Enterprise Agile Blog

The Agile Journey – Corporate Enterprise IT

The Third Day – Expanding Agile @ Graebel

Note: This is part of a new and continuing series which is collected under the Agile Journey category.

Prelude

In the last post The Second Day – Establishing Agile @ Graebel I described how we embarked upon a pilot project where we followed a scrum mindset. I also briefly discussed several aspects and discoveries that we experienced along the way and compared them to what we do today. The pilot project was an overall success and it laid the groundwork for an expansion of agile methods to the software development efforts under my direction at Graebel. This expansion is where we begin this post.

Introduction

Our pilot project was a perfect opportunity to try agile as it was green field development and thus wasn’t encumbered by legacy code, processes or architectures. We were able to dedicate developers who could stay focused and learn the scrum cadence and disciplines.
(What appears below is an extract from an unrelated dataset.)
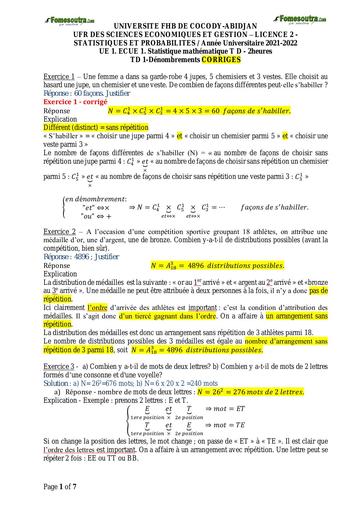 UFHB de Cocody (Denombrement) L2 CORRECTIONS TD1 2021 2022 by TEHUA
We were also fortunate in that the business did not fully understand their own needs which enabled us to design, build & try all within a short iteration. Yet the pilot wasn’t representative of the other half of my department’s mission – which included support, maintenance, enhancements and brownfield development on custom developed applications as well as packaged applications.

Team Structure

One of the luxuries we had on the pilot was that we were able to dedicate team members to the project. However my team wasn’t large enough to have dedicated teams focused on each product or internal customer we supported. So instead we organized teams around a backlog that was a “shared” backlog – a combination of backlogs from several groups of products and customers. These teams handled support items, maintenance requests as well as enhancement development efforts.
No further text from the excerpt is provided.